Data items:
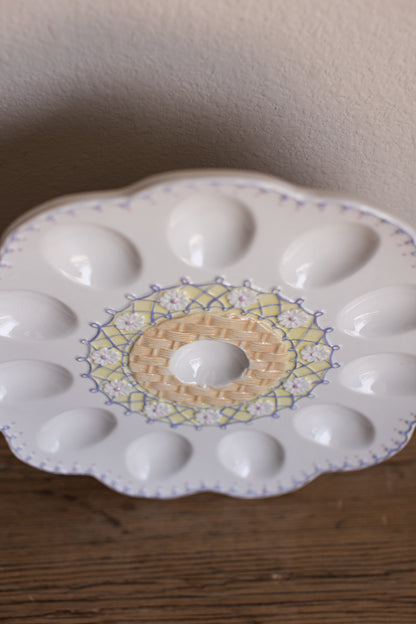 Vintage Ceramic Deviled Egg Plate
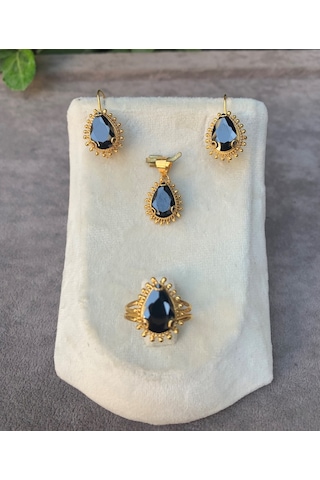 14 Ayar Altın Damla Model Oniks Taşlı Set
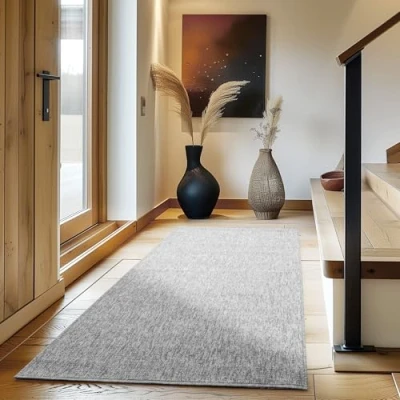 Abbildung von Carpettex Schlingenteppich Unicolor Einfarbig, Läufer, Höhe: 7 mm, Kurzflor Schlingen Teppich Wohnzimmer Einfarbig Modern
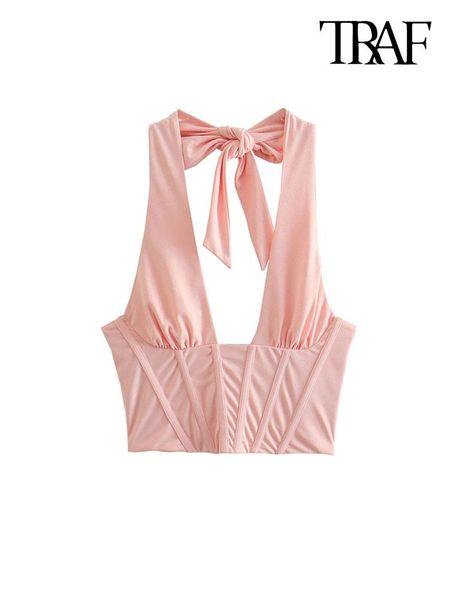 

t-shirt traf women fashion with bow tied fitted cropped bustier vintage backless side zipper female camis mujer, White
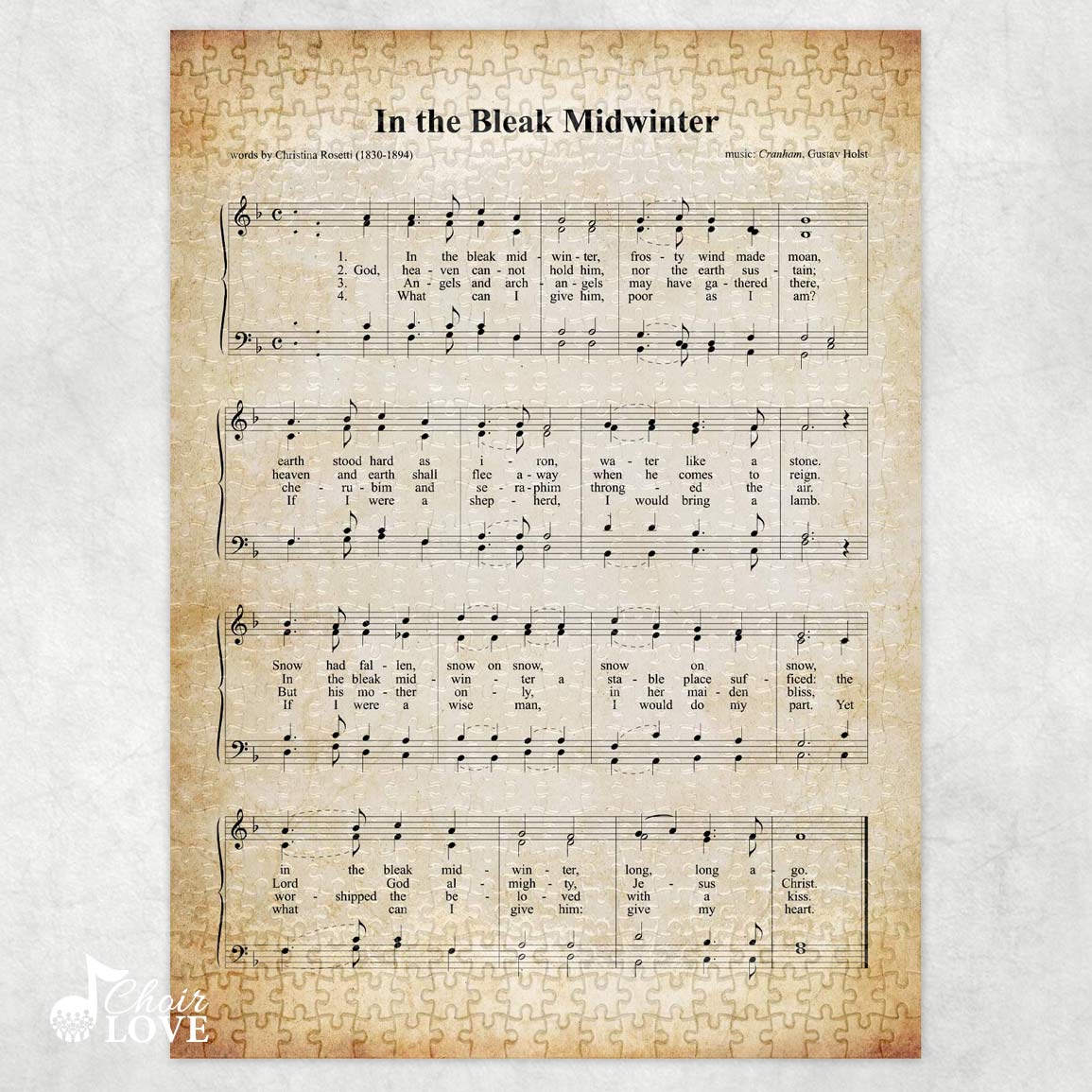 In The Bleak Midwinter Holiday Jigsaw Puzzle, Christmas Puzzle, Music Gift, Music Education, Fun Choir Gift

■ EXERCISE DETAILS ■
Where pictures appear, drop them, and reproduce exactly only the lines running from the beginning of the data to the line that contains "t-shirt traf women", inclusive.

■ ANSWER BELOW ■
 Vintage Ceramic Deviled Egg Plate
 14 Ayar Altın Damla Model Oniks Taşlı Set
 Abbildung von Carpettex Schlingenteppich Unicolor Einfarbig, Läufer, Höhe: 7 mm, Kurzflor Schlingen Teppich Wohnzimmer Einfarbig Modern

t-shirt traf women fashion with bow tied fitted cropped bustier vintage backless side zipper female camis mujer, White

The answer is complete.